Assigned task. The material below holds pictures; leave them out and reproduce exactly the lines from the one with "I added this" through the one with "You're just going", inclusive.

Data excerpts.
# # # #

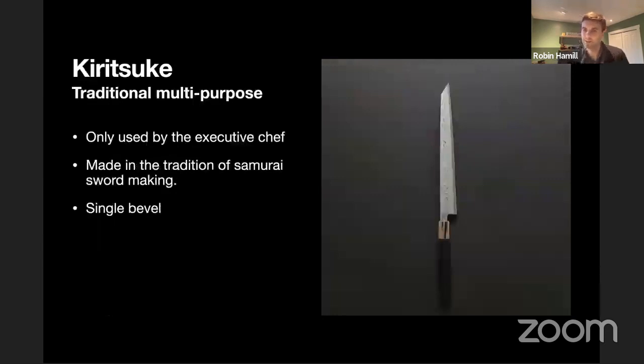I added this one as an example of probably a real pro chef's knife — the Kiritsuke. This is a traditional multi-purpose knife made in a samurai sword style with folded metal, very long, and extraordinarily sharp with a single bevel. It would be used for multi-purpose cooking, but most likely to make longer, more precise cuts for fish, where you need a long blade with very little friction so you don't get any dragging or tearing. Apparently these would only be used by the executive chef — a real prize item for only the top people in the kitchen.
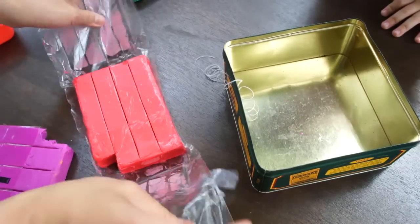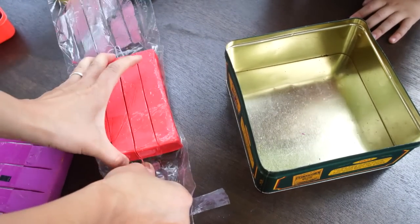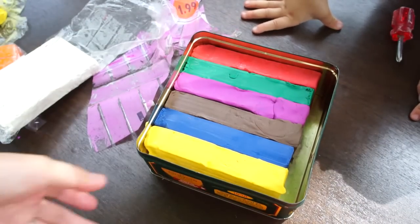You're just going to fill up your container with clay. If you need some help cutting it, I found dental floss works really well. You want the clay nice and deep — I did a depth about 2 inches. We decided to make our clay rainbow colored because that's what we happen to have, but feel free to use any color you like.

# # # #

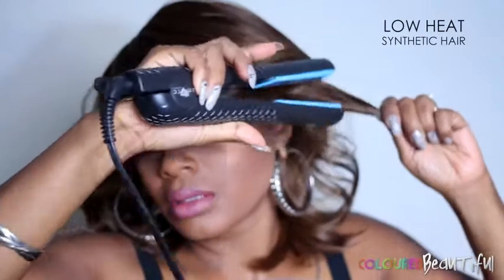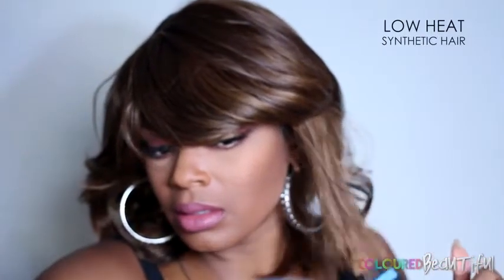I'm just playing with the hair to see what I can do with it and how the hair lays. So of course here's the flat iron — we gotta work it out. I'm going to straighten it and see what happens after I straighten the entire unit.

# # # #

Answer for the task.
I added this one as an example of probably a real pro chef's knife — the Kiritsuke. This is a traditional multi-purpose knife made in a samurai sword style with folded metal, very long, and extraordinarily sharp with a single bevel. It would be used for multi-purpose cooking, but most likely to make longer, more precise cuts for fish, where you need a long blade with very little friction so you don't get any dragging or tearing. Apparently these would only be used by the executive chef — a real prize item for only the top people in the kitchen.
You're just going to fill up your container with clay. If you need some help cutting it, I found dental floss works really well. You want the clay nice and deep — I did a depth about 2 inches. We decided to make our clay rainbow colored because that's what we happen to have, but feel free to use any color you like.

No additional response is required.